To do
Your job here is to restate every record exactly, pictures excluded.

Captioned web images
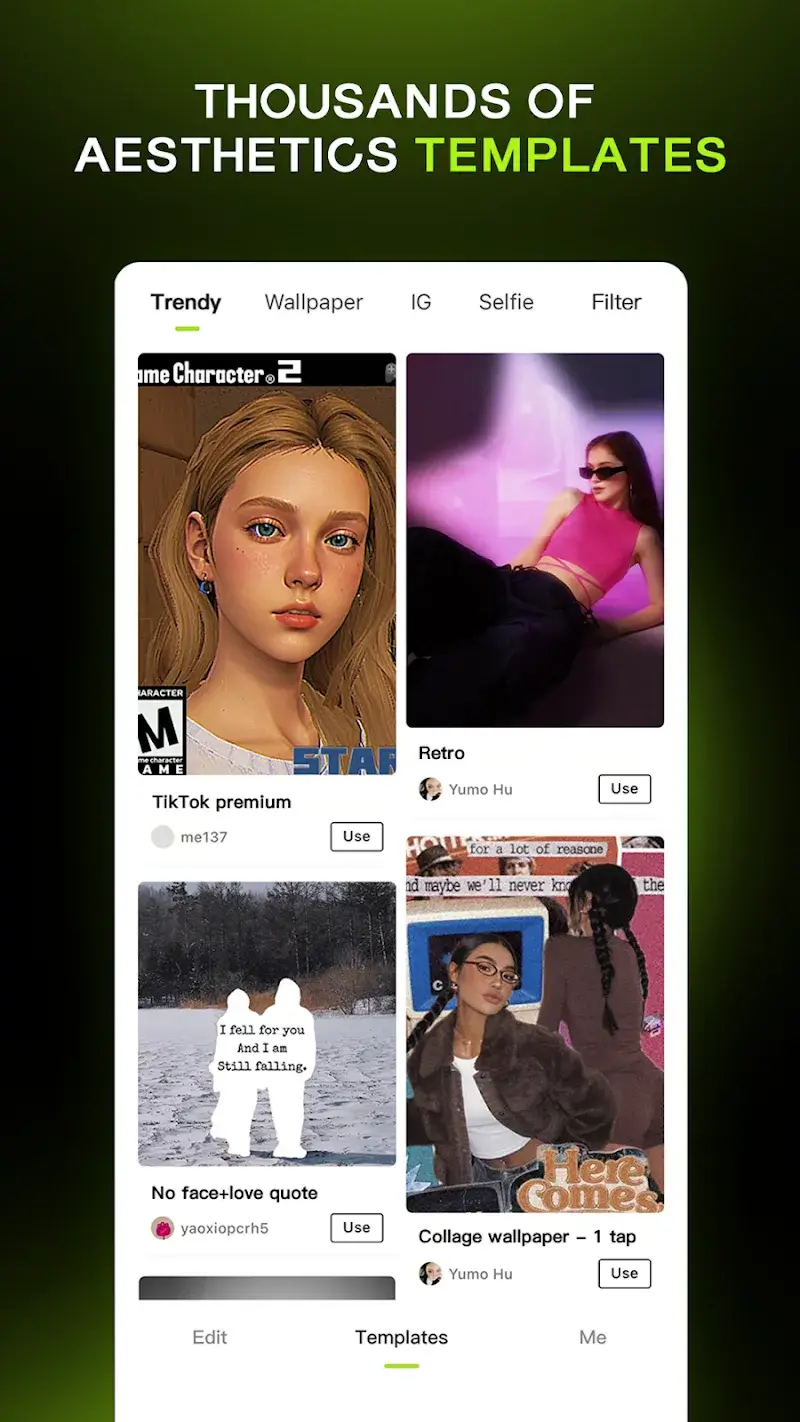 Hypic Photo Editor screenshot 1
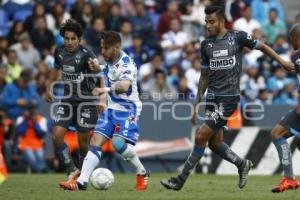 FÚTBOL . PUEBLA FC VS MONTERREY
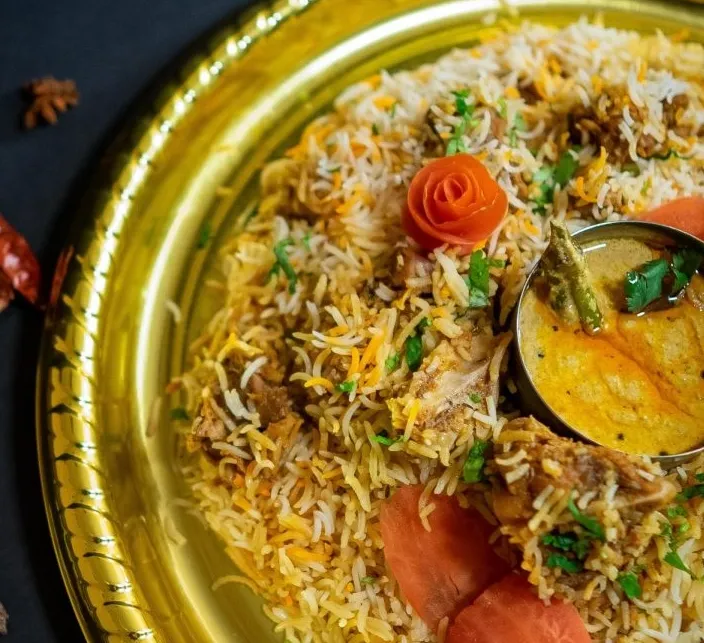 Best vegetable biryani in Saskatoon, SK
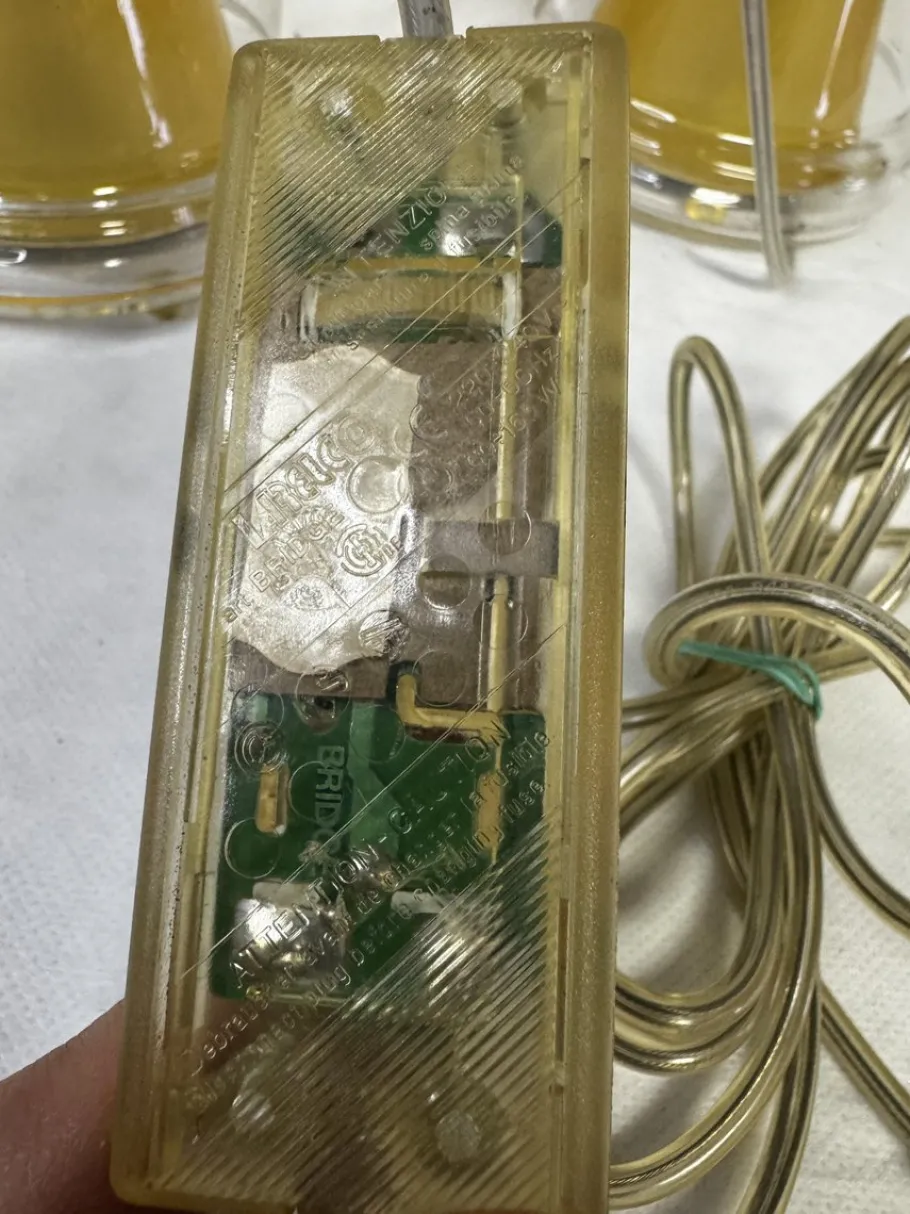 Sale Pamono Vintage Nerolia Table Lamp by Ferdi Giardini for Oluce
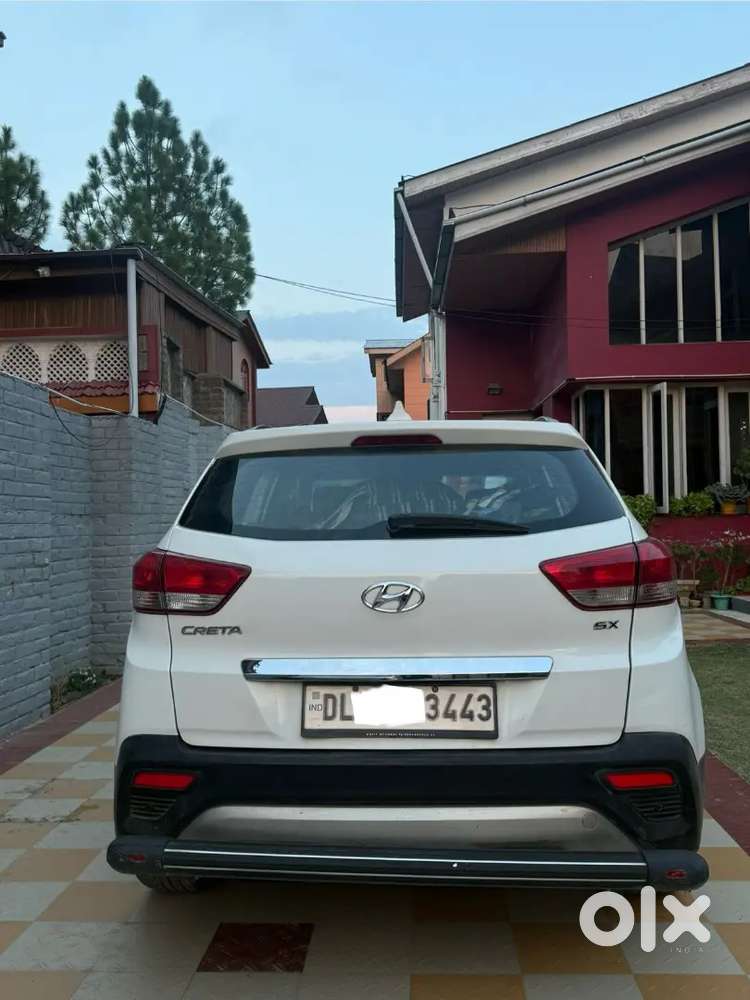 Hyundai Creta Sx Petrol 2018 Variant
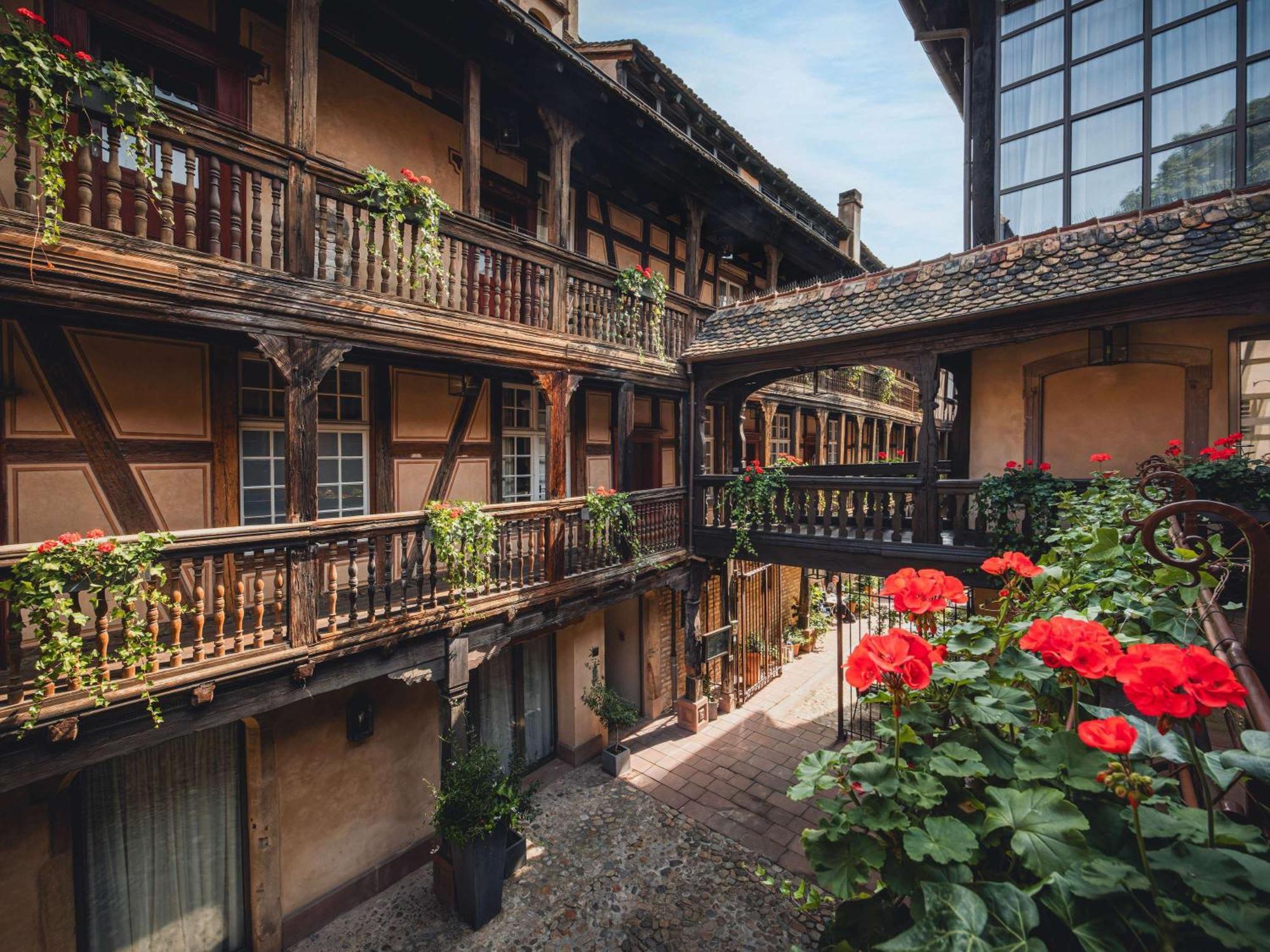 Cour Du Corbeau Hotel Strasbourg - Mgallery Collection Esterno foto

Written answer
 Hypic Photo Editor screenshot 1
 FÚTBOL . PUEBLA FC VS MONTERREY
 Best vegetable biryani in Saskatoon, SK
 Sale Pamono Vintage Nerolia Table Lamp by Ferdi Giardini for Oluce
 Hyundai Creta Sx Petrol 2018 Variant
 Cour Du Corbeau Hotel Strasbourg - Mgallery Collection Esterno foto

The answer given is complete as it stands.